Our train left a little before 6 A.M. under most favorable auspices, with the necessary supply of a very important article, to be obtained of the gentlemanly ticket agent in the Depot, Mr. A. J. Fields.
We had proceeded 22 miles with no accidents but killing three cows, and frightening many more, when I noticed the whistle making an unusual noise for smooth, safe running. I then saw two men going towards the woods without hats, then a jolt, and two or three more were hastening for shady groves and cool retreats, one with a gash in his face, the other with a bloody hand.
The lady passengers were thrown out of their seats, the gentlemen awakened from business reveries and short naps.
A collision and danger of the boiler bursting rang through the cars, when every one hastened to the door.
Being once more upon terra firma, we were able to discover the source of our mishap, and the amount of injury done.
The accident was occasioned by the freight train being upon the main track, and the express in turning the curve at Bardstown Junction, moving at the rate of thirty-one miles per hour, could not stop in time to prevent a collision, nor before the express engine had climbed into the last car of the freight train, unroofing and demolishing it entirely.

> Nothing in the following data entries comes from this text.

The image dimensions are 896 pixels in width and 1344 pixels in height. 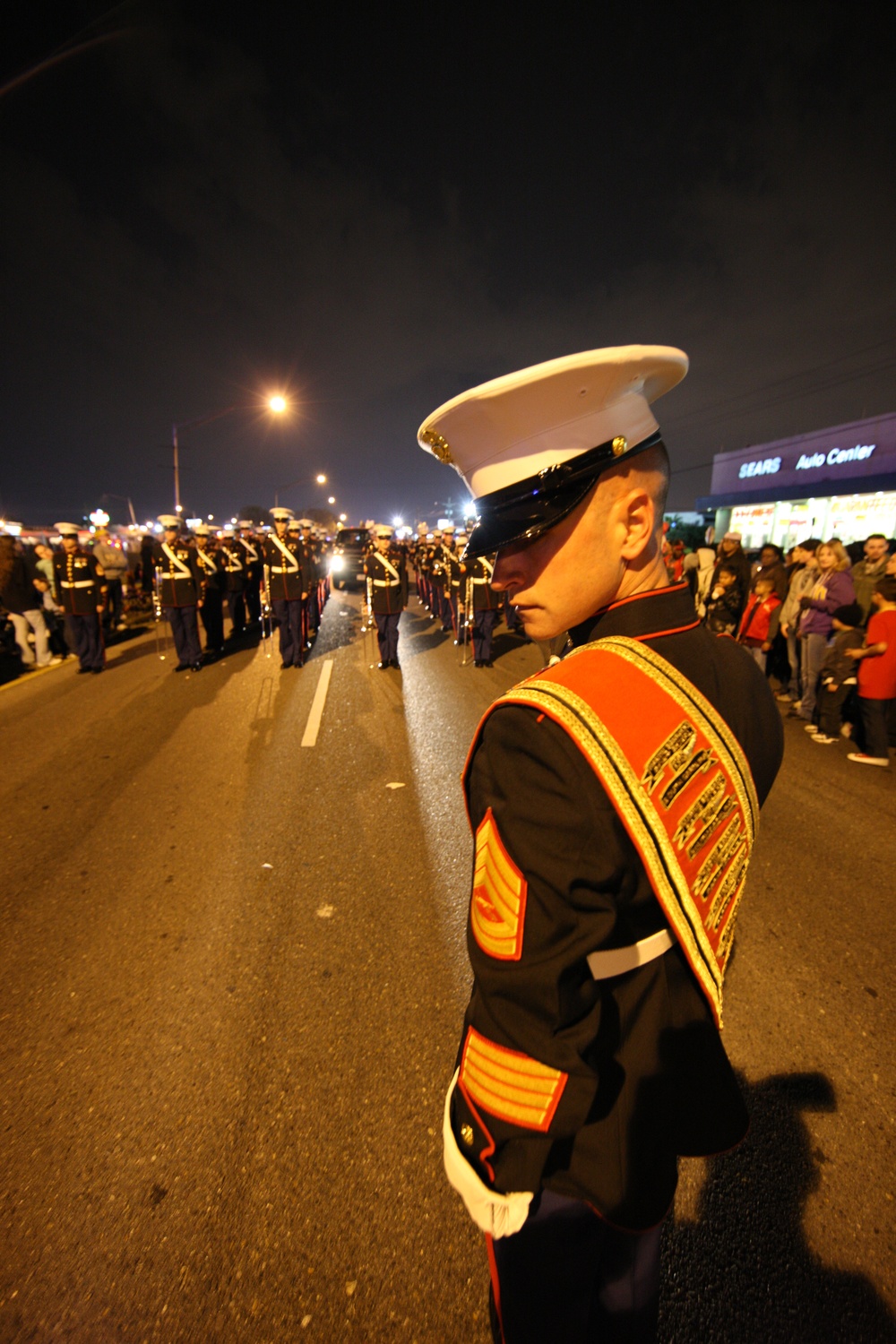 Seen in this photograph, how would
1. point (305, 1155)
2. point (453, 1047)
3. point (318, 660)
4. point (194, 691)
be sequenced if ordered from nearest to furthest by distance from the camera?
point (305, 1155) → point (453, 1047) → point (194, 691) → point (318, 660)

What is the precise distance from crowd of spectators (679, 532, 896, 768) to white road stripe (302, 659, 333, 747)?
4356mm

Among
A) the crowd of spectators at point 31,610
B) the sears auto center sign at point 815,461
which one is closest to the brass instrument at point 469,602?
the crowd of spectators at point 31,610

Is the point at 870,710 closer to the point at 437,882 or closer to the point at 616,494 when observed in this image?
the point at 437,882

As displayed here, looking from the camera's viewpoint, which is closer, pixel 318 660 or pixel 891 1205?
pixel 891 1205

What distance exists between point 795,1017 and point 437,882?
200 cm

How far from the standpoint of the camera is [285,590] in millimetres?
9602

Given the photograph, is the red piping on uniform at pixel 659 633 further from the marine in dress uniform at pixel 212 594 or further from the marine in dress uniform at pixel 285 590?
the marine in dress uniform at pixel 212 594

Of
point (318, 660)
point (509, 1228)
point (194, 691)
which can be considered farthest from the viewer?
point (318, 660)

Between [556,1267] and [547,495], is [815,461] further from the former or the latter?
[556,1267]

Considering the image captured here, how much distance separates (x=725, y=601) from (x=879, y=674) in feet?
11.8

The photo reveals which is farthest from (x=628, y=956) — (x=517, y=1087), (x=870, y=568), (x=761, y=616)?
(x=870, y=568)

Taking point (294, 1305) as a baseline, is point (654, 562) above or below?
above

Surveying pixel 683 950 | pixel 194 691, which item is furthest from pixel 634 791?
pixel 194 691

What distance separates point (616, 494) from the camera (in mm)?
1137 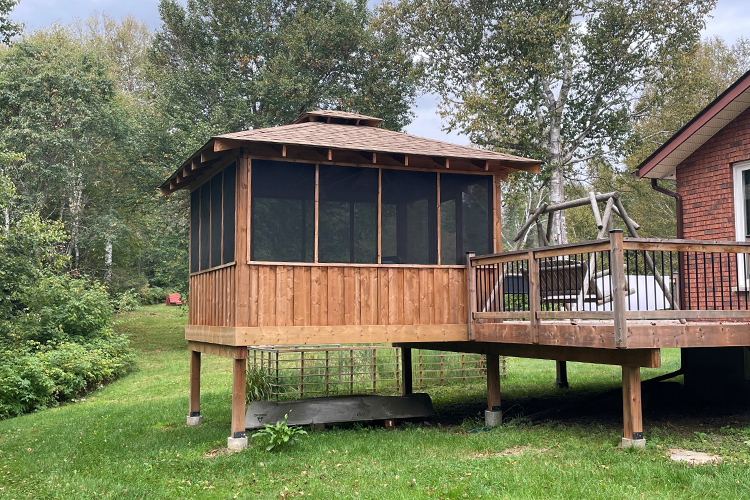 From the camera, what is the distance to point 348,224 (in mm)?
9773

The next car was broken some but in running order. Both were loaded with grain.
No one was seriously injured but the Express Messenger* [Joseph Smithers]. His forehead and face were much lacerated in jumping from the cars, and striking upon the rocks and crossties. Some kind people in the vicinity took him into their house - when we left he was unable to bear any light in his room. The engineer [William Smith] jumped from the cars for fear of being scalded. He had reversed the engine - his remaining could benefit no one, consequently his jumping was nothing that would criminate him. The others that jumped would have been secure by remaining. The engine belonging to the Express train is a wreck. The cars were injured some.
My fellow-travelers in distress amused themselves in various ways. Some were walking about the woods, some administering to those who were injured, and others were playing cards. Misfortune affects different persons differently.
We were detained where the accident happened over three hours, when an engine and cars were obtained, which took us to Lebanon Junction. Here we were permitted to stop and refresh ourselves with something more substantial than broken cars, smashed engines and woodland scenes.
Before dinner a Bell and Everett speaker, who was present, improved the occasion by speaking to the people. The Bell and Everett party were in the majority, "and all went merry as a marriage bell."
[John Bell and Edward Everett represented the Constitutional Union Party in the 1860 Presidential election.]
Before 1 P.M. we were again moving towards Nashville, where we arrived in safety before 9 P.M., when the moon "was beaming upon the Cumberland, with a rich and lustrous light."
Blame can be attached to no one on account of our accident and detention, but the conductor of the freight train, who was out of his place, and very much in the way.
Too many thanks cannot be given to Mr. W. H. Taylor, the gentlemanly conductor of our Express train, to-day, and other employees upon the cars and road, for their kindness and attentions to the unfortunate passengers who were the recipients of their favors.
Before leaving Louisville I had anticipated a delightful trip through the picturesque and varied scenery of Kentucky, nor was a disappointed. Indescribable emotions passed through my mind, while being borne with nearly the speed of the wind, through mid-air, where nothing but placid streams and rocks were visible far below, or when thundering through the subterranean portions of the road, where pitchy darkness only was visible, and eternal night forever reigns, or in dense woods, where the winds roar and the storms wring branches of tall trees from their trunks, or the zephyr breezes sigh and kiss each other from "rosy morn" till dewy eve.
Hoping, Mr. Editor, that the kind parent who watches over us all, and in whose hands we are, may deal gently with you, I am, as ever, Your humble servant, Dora Acorn.
* The Adams Express was a mail and package delivery service established in 1839 by Alvin Adams in New England. By the time of the Civil War, it was delivering mail and packages throughout the eastern half of the United States.